The impending threat of a strike resulted in a rush to production of several TV and film shoots, curbing an anticipated drop in location shoots for 2007.
From The Hollywood Reporter:
On-location filming in Los Angeles fell 1% in 2007, but if not for the writers strike and the threat of further labor unrest this year, that decline could have been even steeper.
And Mark Lacter of LA Biz Observed writes that a recent unemployment report reflects no impact by the strike:
In fact, the entertainment industry category actually increased by 800 jobs from November (and by 4,100 jobs from a year earlier).
Lacter also scoffs at the notion that Los Angeles is an “industry town” in regards to entertainment, citing an analogy that if a meteor wiped out film and TV makers here, the city would be just fine.

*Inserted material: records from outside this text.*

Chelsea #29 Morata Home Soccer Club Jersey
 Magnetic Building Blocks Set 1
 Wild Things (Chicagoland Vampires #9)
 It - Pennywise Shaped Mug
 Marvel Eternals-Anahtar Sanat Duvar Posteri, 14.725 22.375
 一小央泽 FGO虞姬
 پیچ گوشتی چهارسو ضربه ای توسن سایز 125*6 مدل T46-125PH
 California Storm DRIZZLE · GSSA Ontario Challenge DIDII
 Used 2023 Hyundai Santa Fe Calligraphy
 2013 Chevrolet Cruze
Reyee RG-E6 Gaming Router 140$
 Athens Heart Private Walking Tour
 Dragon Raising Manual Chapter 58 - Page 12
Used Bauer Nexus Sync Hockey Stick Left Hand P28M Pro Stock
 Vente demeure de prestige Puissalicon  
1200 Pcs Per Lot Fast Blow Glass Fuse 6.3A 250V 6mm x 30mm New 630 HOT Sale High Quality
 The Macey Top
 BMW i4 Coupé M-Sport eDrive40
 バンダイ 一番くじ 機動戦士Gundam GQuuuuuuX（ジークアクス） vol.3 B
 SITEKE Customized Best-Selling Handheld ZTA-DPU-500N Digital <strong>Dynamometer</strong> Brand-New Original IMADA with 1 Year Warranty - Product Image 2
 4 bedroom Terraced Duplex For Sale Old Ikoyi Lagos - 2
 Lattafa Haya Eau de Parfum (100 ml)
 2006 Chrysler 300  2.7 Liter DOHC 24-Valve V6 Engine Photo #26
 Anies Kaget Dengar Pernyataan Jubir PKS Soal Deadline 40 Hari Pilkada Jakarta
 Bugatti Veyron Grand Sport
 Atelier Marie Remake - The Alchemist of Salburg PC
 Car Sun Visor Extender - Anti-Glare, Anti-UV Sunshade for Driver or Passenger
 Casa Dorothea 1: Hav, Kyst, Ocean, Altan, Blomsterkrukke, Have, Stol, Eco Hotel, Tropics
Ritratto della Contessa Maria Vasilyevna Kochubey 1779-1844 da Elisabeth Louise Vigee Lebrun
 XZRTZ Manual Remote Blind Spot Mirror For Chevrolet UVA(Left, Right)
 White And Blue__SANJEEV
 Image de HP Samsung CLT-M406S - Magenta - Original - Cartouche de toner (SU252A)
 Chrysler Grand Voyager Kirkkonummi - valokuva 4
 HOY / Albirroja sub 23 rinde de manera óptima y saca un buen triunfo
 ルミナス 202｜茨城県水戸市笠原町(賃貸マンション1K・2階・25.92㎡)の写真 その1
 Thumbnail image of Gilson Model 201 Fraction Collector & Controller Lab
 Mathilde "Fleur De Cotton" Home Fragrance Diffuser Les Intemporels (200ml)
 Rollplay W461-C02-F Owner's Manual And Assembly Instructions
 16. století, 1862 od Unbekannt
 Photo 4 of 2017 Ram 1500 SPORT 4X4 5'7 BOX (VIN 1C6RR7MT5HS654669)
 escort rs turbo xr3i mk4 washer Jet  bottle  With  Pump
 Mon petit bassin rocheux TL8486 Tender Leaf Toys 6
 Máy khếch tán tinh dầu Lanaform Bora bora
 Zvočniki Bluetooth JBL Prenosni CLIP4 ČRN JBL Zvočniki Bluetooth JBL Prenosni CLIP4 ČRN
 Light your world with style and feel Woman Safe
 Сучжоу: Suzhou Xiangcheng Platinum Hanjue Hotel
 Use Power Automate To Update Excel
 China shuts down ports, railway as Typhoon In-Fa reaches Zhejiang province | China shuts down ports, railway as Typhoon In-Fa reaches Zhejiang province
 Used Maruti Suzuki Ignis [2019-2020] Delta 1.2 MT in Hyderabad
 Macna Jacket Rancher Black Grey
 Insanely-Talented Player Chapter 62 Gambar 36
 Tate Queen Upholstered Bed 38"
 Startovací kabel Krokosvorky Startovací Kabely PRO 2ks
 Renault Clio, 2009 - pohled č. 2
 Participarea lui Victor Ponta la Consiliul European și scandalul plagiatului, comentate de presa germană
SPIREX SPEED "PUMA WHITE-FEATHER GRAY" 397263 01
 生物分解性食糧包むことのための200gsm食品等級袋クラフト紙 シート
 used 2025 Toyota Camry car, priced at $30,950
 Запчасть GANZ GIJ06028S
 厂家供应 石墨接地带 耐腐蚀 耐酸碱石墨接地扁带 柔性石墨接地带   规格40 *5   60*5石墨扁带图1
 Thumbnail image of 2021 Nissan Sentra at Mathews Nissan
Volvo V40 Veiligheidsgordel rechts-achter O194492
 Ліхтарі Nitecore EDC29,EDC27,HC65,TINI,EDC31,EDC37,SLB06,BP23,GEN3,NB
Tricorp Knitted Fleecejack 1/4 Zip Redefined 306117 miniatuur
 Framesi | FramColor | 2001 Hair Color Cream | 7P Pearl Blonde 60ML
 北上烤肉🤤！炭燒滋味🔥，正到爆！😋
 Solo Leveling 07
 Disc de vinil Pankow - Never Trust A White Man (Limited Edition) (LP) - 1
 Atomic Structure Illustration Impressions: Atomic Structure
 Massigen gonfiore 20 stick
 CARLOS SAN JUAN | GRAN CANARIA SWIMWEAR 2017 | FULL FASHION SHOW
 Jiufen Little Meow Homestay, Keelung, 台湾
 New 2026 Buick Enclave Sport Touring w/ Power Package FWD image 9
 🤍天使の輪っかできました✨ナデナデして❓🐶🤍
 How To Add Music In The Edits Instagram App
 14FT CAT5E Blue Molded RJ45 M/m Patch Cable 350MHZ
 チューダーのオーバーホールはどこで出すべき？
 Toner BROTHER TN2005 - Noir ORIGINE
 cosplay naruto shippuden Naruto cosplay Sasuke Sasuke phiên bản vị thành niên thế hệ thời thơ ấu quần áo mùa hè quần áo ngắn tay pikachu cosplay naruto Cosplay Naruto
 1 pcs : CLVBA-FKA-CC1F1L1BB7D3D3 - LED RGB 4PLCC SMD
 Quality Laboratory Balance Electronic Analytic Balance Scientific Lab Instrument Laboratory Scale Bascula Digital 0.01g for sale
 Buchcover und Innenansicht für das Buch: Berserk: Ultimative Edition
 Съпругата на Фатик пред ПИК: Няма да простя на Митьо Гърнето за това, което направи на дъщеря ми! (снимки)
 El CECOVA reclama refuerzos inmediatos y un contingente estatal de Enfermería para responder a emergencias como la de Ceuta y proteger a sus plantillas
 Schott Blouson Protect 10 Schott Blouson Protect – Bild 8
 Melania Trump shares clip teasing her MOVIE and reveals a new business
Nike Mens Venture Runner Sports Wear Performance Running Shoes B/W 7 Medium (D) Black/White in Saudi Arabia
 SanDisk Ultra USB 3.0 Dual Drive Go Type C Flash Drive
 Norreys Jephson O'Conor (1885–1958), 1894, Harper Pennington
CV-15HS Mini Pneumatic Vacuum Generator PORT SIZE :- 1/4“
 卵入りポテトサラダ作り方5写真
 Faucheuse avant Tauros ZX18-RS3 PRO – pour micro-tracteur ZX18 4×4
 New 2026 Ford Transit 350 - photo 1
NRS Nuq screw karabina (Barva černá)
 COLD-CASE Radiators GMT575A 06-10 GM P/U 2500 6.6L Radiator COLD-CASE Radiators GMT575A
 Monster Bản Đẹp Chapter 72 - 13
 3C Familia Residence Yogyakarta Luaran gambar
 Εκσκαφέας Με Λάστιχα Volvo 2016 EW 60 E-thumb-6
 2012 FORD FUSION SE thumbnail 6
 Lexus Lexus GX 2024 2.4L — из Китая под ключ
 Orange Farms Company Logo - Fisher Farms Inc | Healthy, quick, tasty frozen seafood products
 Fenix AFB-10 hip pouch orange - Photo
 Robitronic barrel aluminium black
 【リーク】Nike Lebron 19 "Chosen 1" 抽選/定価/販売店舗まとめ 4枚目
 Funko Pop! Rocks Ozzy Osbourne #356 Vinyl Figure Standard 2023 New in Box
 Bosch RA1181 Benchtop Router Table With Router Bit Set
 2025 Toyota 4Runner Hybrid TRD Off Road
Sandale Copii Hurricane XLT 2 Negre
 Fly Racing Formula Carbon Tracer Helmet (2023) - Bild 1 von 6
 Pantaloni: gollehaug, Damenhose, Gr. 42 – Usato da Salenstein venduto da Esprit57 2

This theory is seriously flawed, as people flock to Los Angeles from all over the world to work in entertainment. Whether these people become successful or not, many stay and take up other occupations.
Lacter’s theory also discounts the tourism the entertainment industry attracts, as well as the old (and new) money that goes to everyone working in service jobs employed by studio employees, actors, etc.
On the flip side, I think anyone would be blind to believe that the entertainment industry is reliant on Los Angeles. Between the ease of telecommuting, and digital filmmaking and distribution, the need for L.A. to be a hub and production center is eroding. So whether or not Lacter is right, Los Angeles needs to begin preparing to become less dependent on the entertainment biz.